As was customary, Kibbutz Maagan began with agriculture, relying on all residents to help in the fields. This program was instrumental in turning the desert lands of Israel into many productive fields and orchards. Throughout the Jewish world in the 60's, 70's and 80's, speakers and rabbis encouraged young adults to volunteer and work at a kibbutz in the new country. We heard many such stories. Eli met his wife who came from Holland to work at Maagan. Our native Zimbabwean guide in Jerusalem started her life in Israel on a kibbutz. A family friend from Ohio also met her Russian husband on a kibbutz and now lives in Israel with her family. The kibbutz served as the Facebook of its time, connecting Jews from all parts of the globe.

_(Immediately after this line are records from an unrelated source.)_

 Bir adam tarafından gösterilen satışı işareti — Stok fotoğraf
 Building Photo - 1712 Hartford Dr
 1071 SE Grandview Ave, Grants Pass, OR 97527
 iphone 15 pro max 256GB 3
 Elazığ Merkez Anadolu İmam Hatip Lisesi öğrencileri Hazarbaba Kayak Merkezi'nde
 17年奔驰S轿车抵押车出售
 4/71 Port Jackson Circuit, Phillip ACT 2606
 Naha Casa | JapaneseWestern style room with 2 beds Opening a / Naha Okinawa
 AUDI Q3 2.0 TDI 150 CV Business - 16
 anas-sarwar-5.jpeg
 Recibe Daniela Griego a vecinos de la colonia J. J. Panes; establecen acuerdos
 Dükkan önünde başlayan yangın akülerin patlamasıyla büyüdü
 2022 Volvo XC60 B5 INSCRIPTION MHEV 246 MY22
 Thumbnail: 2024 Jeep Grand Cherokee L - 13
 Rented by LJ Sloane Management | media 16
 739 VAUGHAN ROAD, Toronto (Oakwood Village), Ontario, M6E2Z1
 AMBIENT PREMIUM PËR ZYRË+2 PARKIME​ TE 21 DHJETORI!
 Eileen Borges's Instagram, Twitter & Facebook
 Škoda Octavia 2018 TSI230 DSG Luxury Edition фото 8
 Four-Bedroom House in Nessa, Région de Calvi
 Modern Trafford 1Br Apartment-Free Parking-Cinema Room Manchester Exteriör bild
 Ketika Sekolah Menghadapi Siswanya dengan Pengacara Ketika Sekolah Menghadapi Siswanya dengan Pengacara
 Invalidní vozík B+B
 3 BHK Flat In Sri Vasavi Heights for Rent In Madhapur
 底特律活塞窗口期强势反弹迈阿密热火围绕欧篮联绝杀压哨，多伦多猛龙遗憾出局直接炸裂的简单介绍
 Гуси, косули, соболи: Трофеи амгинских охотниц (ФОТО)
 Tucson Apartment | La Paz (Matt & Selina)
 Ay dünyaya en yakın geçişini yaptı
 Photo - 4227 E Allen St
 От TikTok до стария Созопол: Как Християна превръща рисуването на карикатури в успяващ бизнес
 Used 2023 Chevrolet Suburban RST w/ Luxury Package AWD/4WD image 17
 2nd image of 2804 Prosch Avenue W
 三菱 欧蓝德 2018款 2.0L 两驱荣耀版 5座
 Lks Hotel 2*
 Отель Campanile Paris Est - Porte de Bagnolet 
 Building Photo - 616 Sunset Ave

The big changes at this kibbutz occurred six years ago. The commune was losing members. Individuals wanted their own cars, homes and careers. None of Eli’s children remained on the kibbutz. After a passionate vote, rules changed. Salaries are no longer equal although there is a minimum wage. A member can earn more if they work longer or have a better job. They can now work outside the kibbutz. And each family has its own budget. Major decisions for the kibbutz are still made by direct vote from each member but day to day ones are controlled by an economic manager and a social one.
|Elderly Workshop Gifts|
Vestiges of the socialist era remain - a common dining room, laundry room, daycare, and a workshop for elderly people. Bicycles are scattered around for anyone’s use. Sadly, no more young volunteers work there. As Eli commented “paid employees stay longer”. Some of the members continue to farm 400 acres for bananas, avocados, and grapefruit but most of their income is from the Kibbutz Maagan Holiday Village hotel where we stayed. Eli now works with Christian and Jewish companies in the United States who sponsor tours of Israel and send their filled buses to the hotel. From Maagan, many holy and historical sites are available. Since membership is no longer required to stay on the kibbutz, many students from Tel Aviv and Jerusalem attend a nearby university, work at the hotel, and rent an apartment on the kibbutz.
|Buses in front of hotel|
|Front yard of kibbutz home|
Eli smiled warily as we left. He loved growing up on the kibbutz and raising his family there. But he knew the changes were necessary. Encouraged by the slight up-tick in members since the rules were revised, the kibbutz expects more will be enticed to work there. Maybe even Eli's grandchildren will continue this century old tradition. He can only hope so.